2000 P T D 3236

[237 I T R 587]

[Bombay High Court (India)]

Before Dr. B. P. Saraf and Dr. Mrs. Pratibha Upasani, JJ

ANAND ELECTIRC C0. LTD.

Versus

COMMISSIONER OF INCOME-TAX

Income Tax Reference No.93 of 1985, decided on 05/11/1998.

(a) Income-tax---

----Income---Solatium received by assessee is taxable.

The solatium of Rs.2,20,000 received by the assessee was taxable.

Akola Electric Supply Co. (Pvt.) Ltd. v. CIT (1978) 113 ITR 265 (Bom.) fol.

(b) Income-tax---

----Profits chargeable to tax ---Assessee's undertaking taken over by purchaser---Did not constitute a slump sale but only sale of individual assets of undertaking---Indian Income Tax Act, 1961, S.41(2).

Taking over of the undertaking of the assessee-company did not constitute a slump sale but only the sale of the individual assets of the undertaking for purposes of section 41(2) of the Income Tax Act, 1961.

CIT v. Artex Manufacturing Co. (1997) 227 ITR 260 (SC) fol.

Ms. V.B. Patel with U.I. Dalai for the Assessee.
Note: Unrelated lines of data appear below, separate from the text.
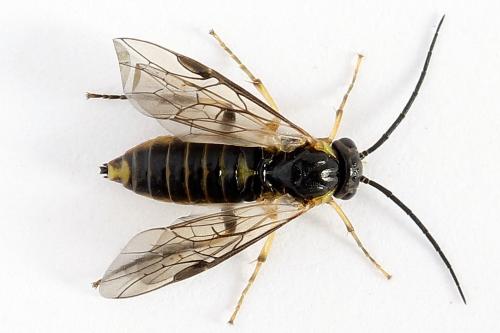 Réf. 251 220 : Pristiphora compressa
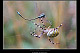 Argiope bruennichi 2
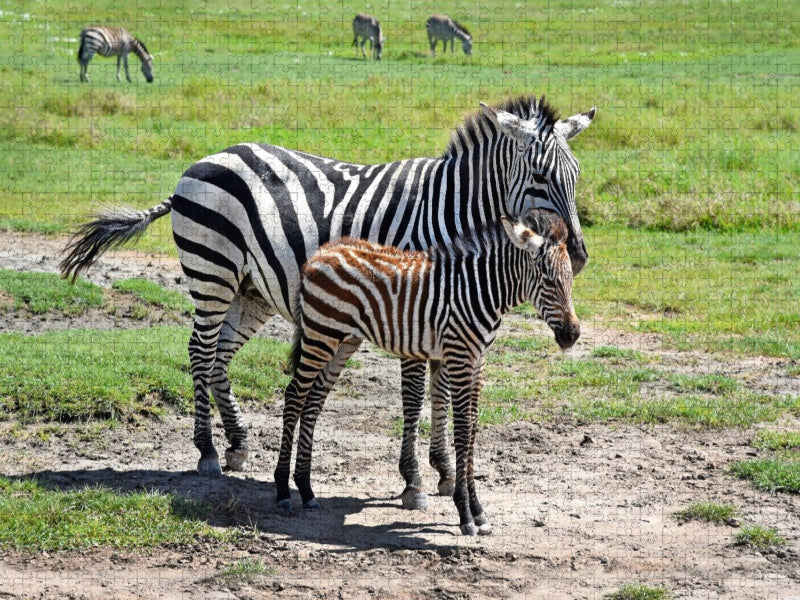 Zebras - CALVENDO Foto-Puzzle'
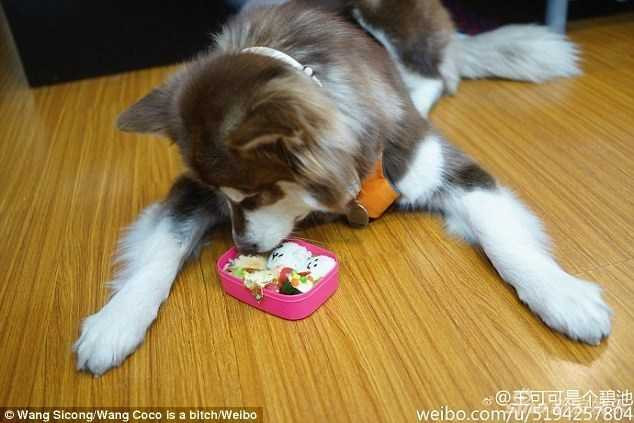 thieu-gia-vung-tien-lam-dep-cho-chu-cho-an-choi-bac-nhat-tq-hinh-8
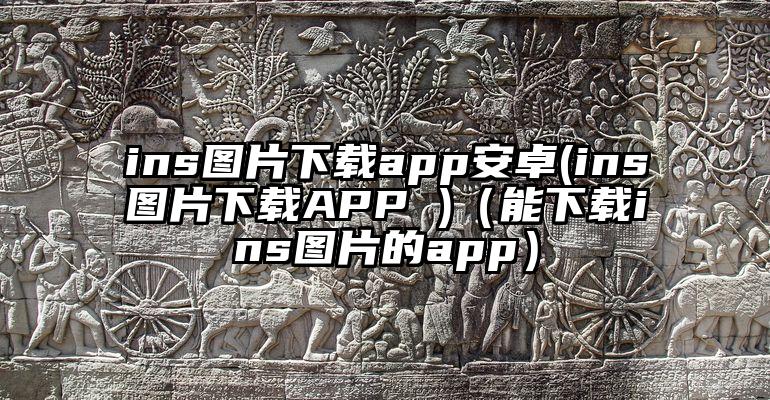 ins图片下载app安卓(ins图片下载APP )（能下载ins图片的app）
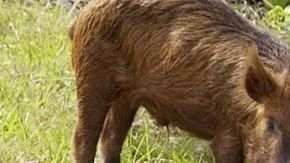 Los cerdos salvajes en Texas.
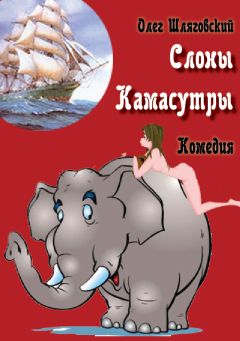 Читайте книги онлайн на Bookidrom.ru! Бесплатные книги в одном клике Олег Шляговский - Слоны Камасутры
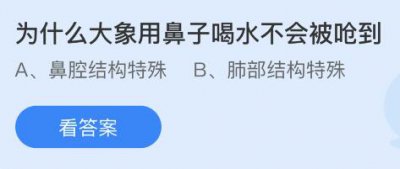 为什么大象用鼻子喝水不会被呛到？蚂蚁庄园小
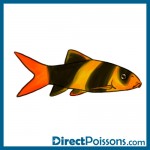 illustrations par l'agence de com - Directpoissons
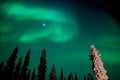 Rovaniemi – Real Northern Lights Hunting Experience (Small Group)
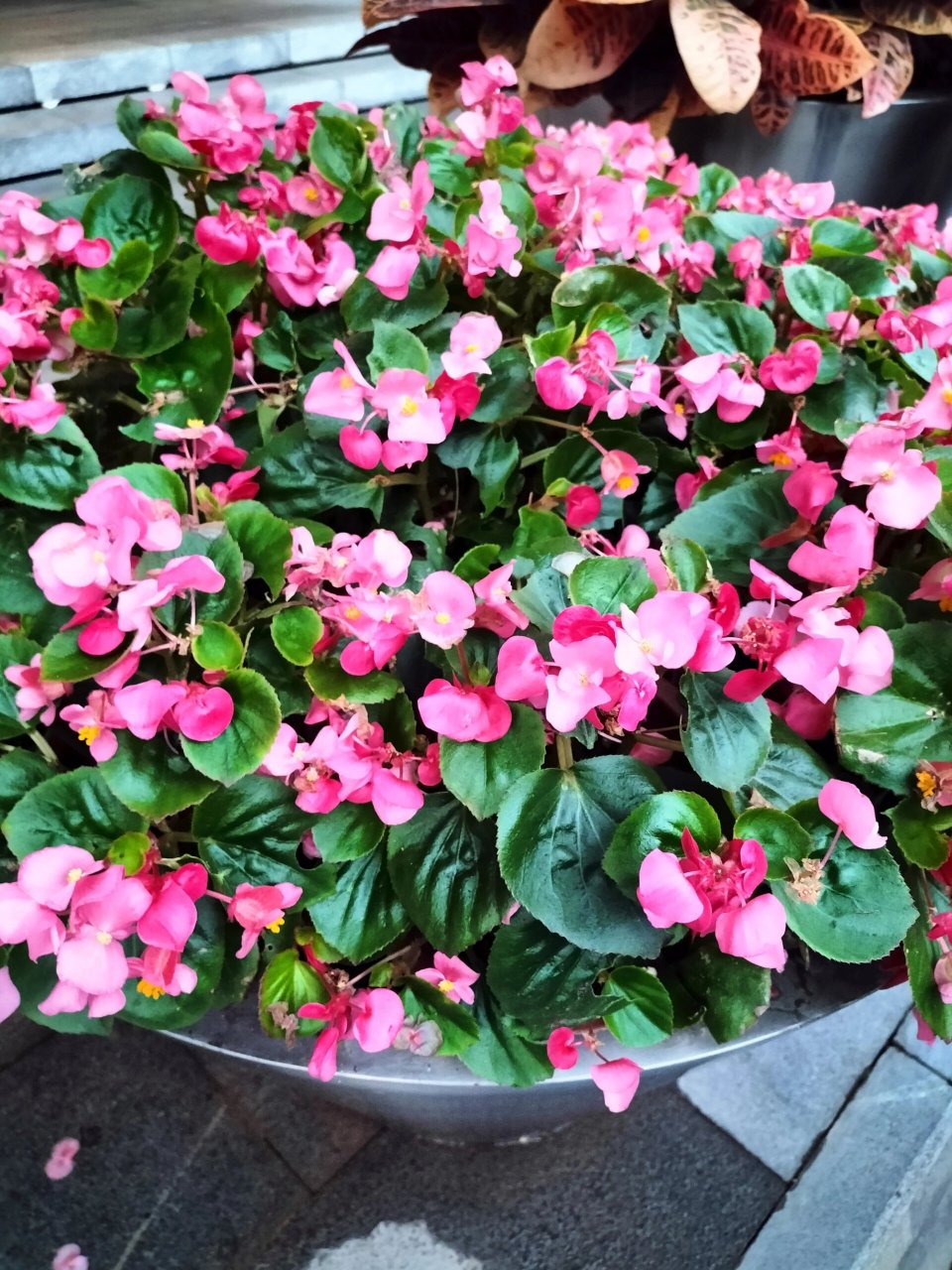每天认识一种植物-四季海棠 四季海棠因花期长,四季都有花而得名.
R.V. Desai with B.M. Chattarjee for the Commissioner.

JUDGMENT

DR. B.P. SARAF, J.---By this reference under section 256(1) of the Income Tax Act, .1961, the Income-tax Appellate Tribunal has referred the following three questions of law to this Court for opinion at the instance of the assessee:

"(1) Whether, on the facts and in the circumstances of the case, the taking over of the undertaking of the assessee-company did not constitute a slump sale but only the sale of the individual assets of the undertaking?

(2) Whether, on the facts and in the circumstances of the case in determining the cost of the assets for the purpose of capital gains the consumers contribution has to be deducted from the cost of the assets for capital gains and the application of section 41(2) and if so by following what procedure?

(3) Whether, on the facts and in the circumstances of the case, the solatium given to the applicant of Rs.2,20,000 was taxable?" .

So far as question No.3 is concerned, the controversy therein is covered by the decision of this Court in Akola Electric Supply Co. (Pvt.) Ltd. v. CIT (1978) 113 ITR 265. Following the same, question No.3 is answered in the affirmative and in favour of the Revenue.

So far as question No.2 is concerned, Ms. V.B. Patel, learned counsel for the assessee, fairly stated before us that the controversy therein has become academic as the factual controversy pertaining to this question has been remanded by the Tribunal to the Assessing Officer. This question has become academic and need not be answered. In view of the above, we return question No.2 unanswered.

So far as question No.l is concerned, the controversy therein is, whether the taking over of the undertaking of the assessee-company did not constitute a slump sale but only sale of the individual assets of the undertaking. The law in this regard is now settled by the decision of the Supreme Court in CIT v. Artex Manufacturing Co. (1997) 227 ITR 260. That was a case of sale of the entire business as a going concern by a firm to a company formed for the purpose of such take-over. The question was whether the provisions of section 41(2) were applicable. The Supreme Court held that though in the agreement there was no reference of the value of the plant, machinery and dead stock, on the basis of the information that was furnished by the assessee before the Income-tax Officer, it became evident that the amount Rs.11,50,400 had been arrived at by taking into consideration the value of the plant, machinery and dead stock as assessed by the valuer at Rs.15,87,296. The Supreme Court held that it was not a case in which it- could not be said that the price attributed to the items transferred was not indicated and hence section 41(2) of the Income Tax Act, 1961, could not be applied. We have heard learned counsel for the parties and perused the facts of the case. In this case also there is a finding of the Tribunal that the assets had been taken over at a stipulated price. It is in view of this finding that the Tribunal held that it was not a case of slump sale and section 41(2) would apply. In view of the above finding of the Tribunal, the ratio of the decision of the Supreme Court in CIT v: Artex Manufacturing Co. (1997) 227 ITR 260, squarely applies to the facts of the present case. Accordingly, we answer question No. 1 in the affirmative i.e., in favour of the Revenue and against the assessee.

Reference is disposed of accordingly. No order as to costs.